Case: Disabling vasomotor symptoms in a BRCA1 mutation carrier
Christine is a 39-year-old mother of 2 who underwent risk-reducing, minimally invasive bilateral salpingo-oophorectomy with hysterectomy 4 months ago for a BRCA1 mutation (with benign findings on pathology). Eighteen months before that surgery, she had risk-reducing bilateral mastectomy with reconstruction (implants) and was advised by her surgeon that she no longer needs breast imaging.

Today she reports disabling hot flashes, insomnia, vaginal dryness, and painful sex. Her previous ObGyn, who performed the hysterectomy, was unwilling to prescribe hormone therapy (HT) due to safety concerns. Christine tried venlafaxine at 37 to 75 mg but noted little relief of her vasomotor symptoms.

In discussing her symptoms with you during this initial visit, Christine, a practicing accountant, also reveals that she does not feel as intellectually “sharp” as she did before her gynecologic surgery.

What can you offer for relief of her symptoms?

More BRCA mutation carriers are being identified and choosing to undergo risk-reducing salpingo-oophorectomy and bilateral mastectomy. Accordingly, clinicians are likely to face more questions about the use of systemic HT in this population. Because mutation carriers may worry about the safety of HT, given their BRCA status, some may delay or avoid salpingo-oophorectomy—a surgery that not only reduces the risk of ovarian, fallopian tube, and peritoneal cancer by 80% but also decreases the risk of breast cancer by 48%.1

Surgically menopausal women in their 30s or 40s who are not treated with HT appear to have an elevated risk for dementia and Parkinsonism.2 In addition, vasomotor symptoms are often more severe, and the risks for osteoporosis and, likely, cardiovascular disease are elevated in women with early menopause who are not treated with HT. For these reasons, systemic HT is recommended for women with early menopause, and generally should be continued at least until the normal age of menopause unless specific contraindications are present.3

Because Christine not only has had risk-reducing gynecologic surgery but also risk-reducing bilateral mastectomy, her current risk for breast cancer is very low whether or not she uses HT. Because she does not have a uterus, her symptoms can effectively and safely be treated with systemic estrogen-only therapy.
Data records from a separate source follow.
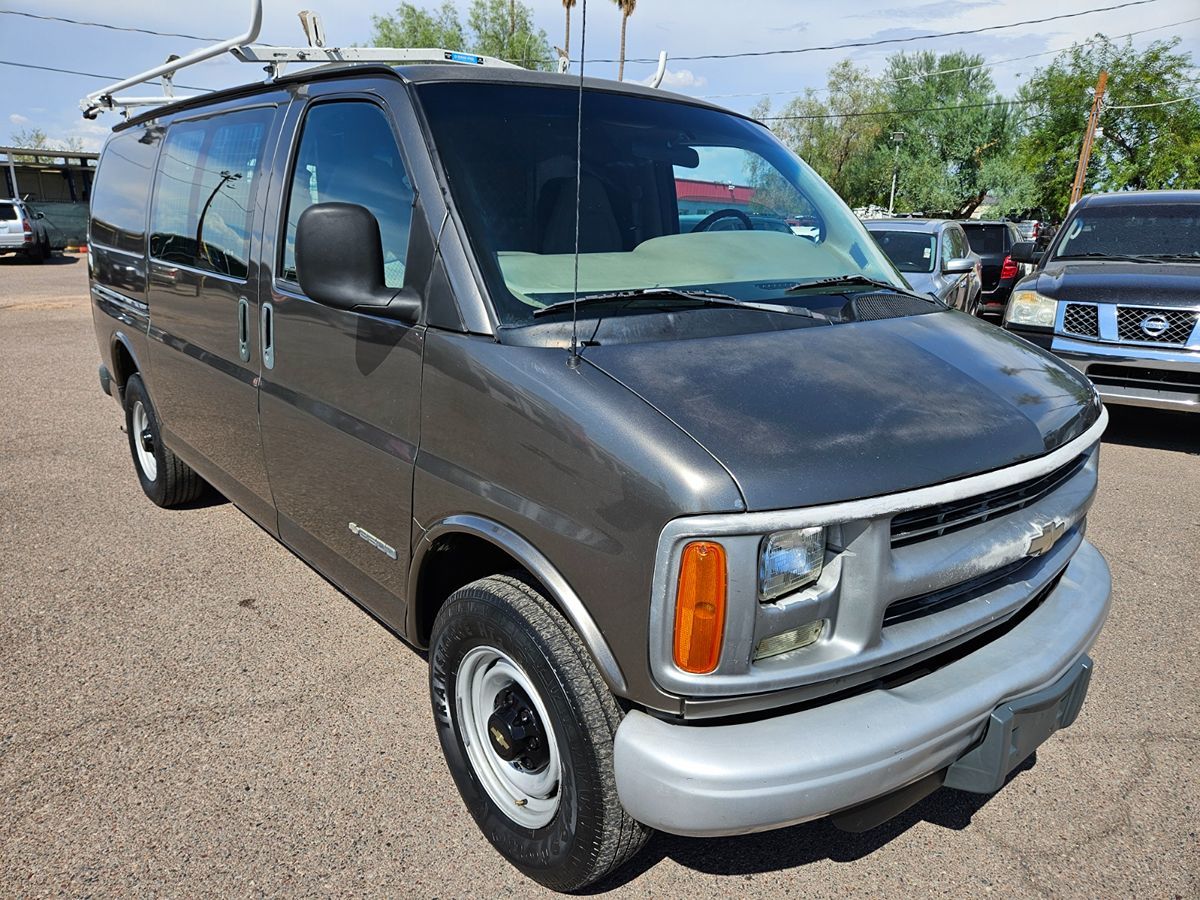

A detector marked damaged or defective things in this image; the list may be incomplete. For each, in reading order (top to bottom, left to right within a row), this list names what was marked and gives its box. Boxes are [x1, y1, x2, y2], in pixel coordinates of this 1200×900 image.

cracked pavement [0, 255, 1195, 900]
dent on bumper [619, 535, 1113, 840] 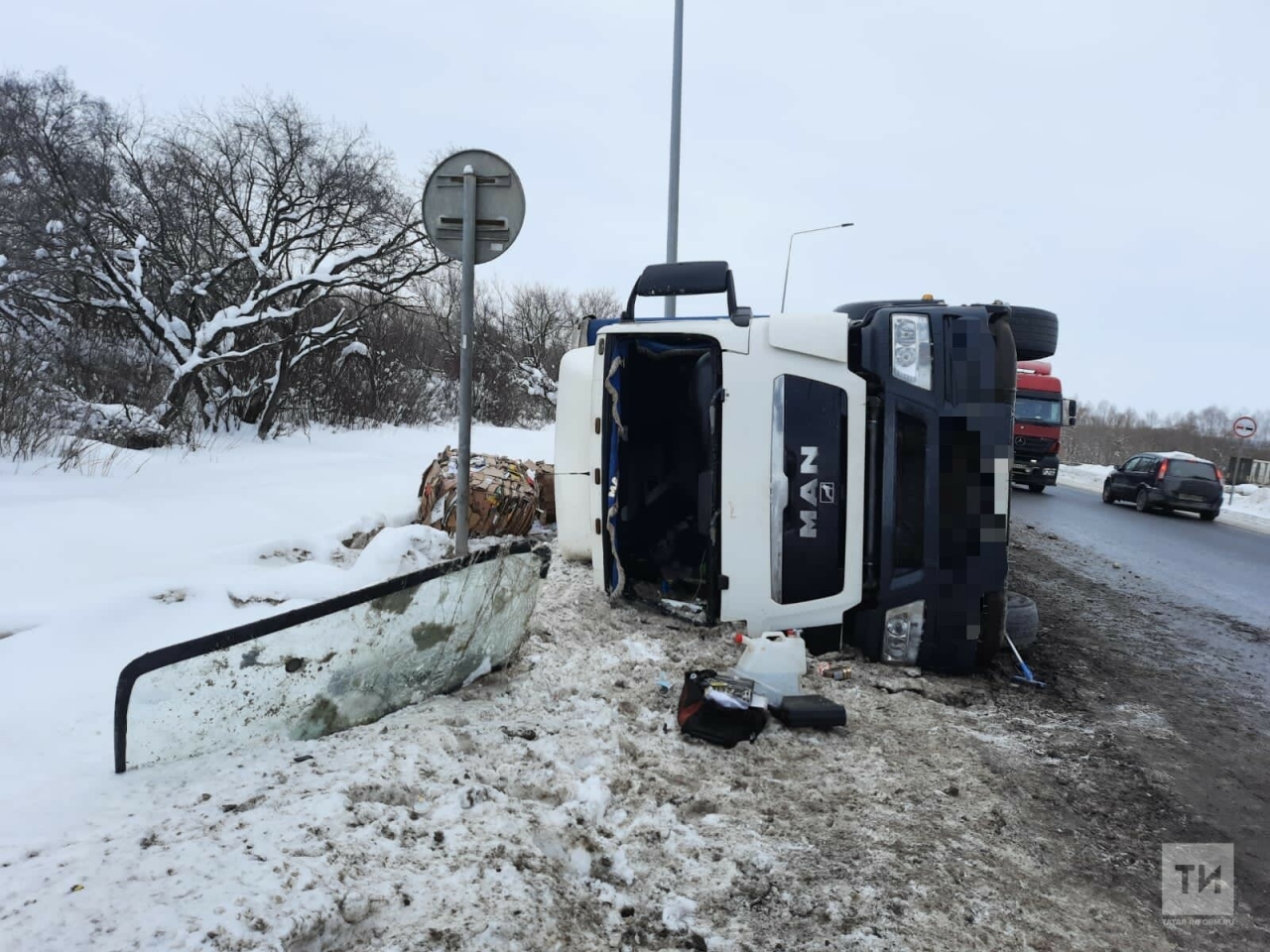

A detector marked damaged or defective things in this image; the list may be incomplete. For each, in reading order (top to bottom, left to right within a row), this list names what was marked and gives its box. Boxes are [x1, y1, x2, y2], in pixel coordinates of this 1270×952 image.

overturned man truck [552, 264, 1056, 674] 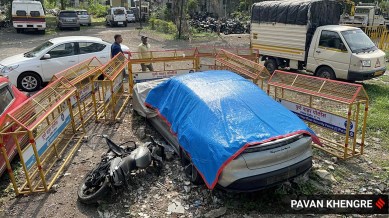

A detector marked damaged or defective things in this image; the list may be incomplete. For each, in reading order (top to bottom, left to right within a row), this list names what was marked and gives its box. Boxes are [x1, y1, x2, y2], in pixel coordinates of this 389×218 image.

damaged road barrier [0, 77, 84, 195]
damaged road barrier [51, 57, 103, 127]
damaged road barrier [93, 52, 130, 122]
crashed motorcycle [77, 135, 164, 204]
burnt scooter [77, 135, 164, 204]
damaged road barrier [128, 48, 197, 94]
damaged road barrier [197, 46, 258, 71]
damaged road barrier [212, 49, 270, 88]
damaged road barrier [266, 70, 366, 159] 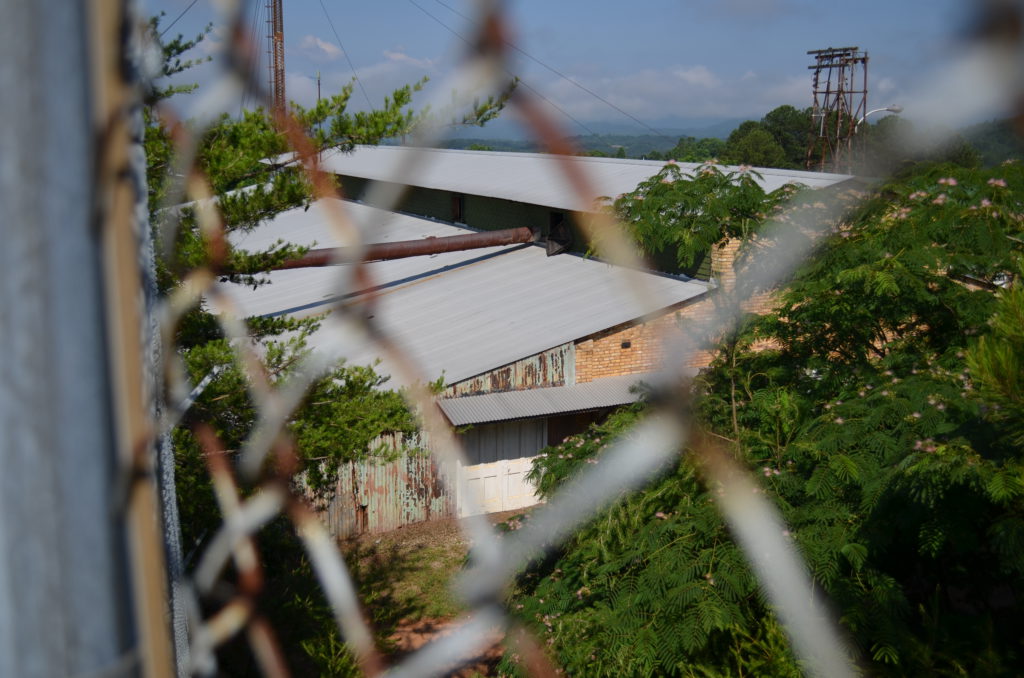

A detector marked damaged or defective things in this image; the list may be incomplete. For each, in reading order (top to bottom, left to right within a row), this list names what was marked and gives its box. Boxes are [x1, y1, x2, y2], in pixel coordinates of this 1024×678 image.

rusty metal pipe [276, 228, 540, 270]
rusted metal siding [444, 342, 577, 401]
rusted metal siding [309, 438, 458, 540]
Among clinicians with special expertise in the management of BRCA mutation carriers, the use of systemic HT would be considered appropriate—and not controversial—in this setting.4

Angelina Jolie details her surgeries
In March 2015, 39-year-old Oscar-winning actress and filmmaker Angelina Jolie Pitt published an opinion piece in the New York Times detailing her recent laparoscopic salpingo-oophorectomy and initiation of HT.5 Ms. Jolie Pitt, who carries the BRCA1 mutation, lost her mother, grandmother, and aunt to hereditary breast/ovarian cancer. Two years earlier, Ms. Jolie Pitt made news by describing her decision to move ahead with risk-reducing bilateral mastectomy.

Following her risk-reducing salpingo-oophorectomy, she initiated systemic HT using transdermal estradiol and off-label use of a levonorgestrel-releasing intrauterine system for endometrial protection.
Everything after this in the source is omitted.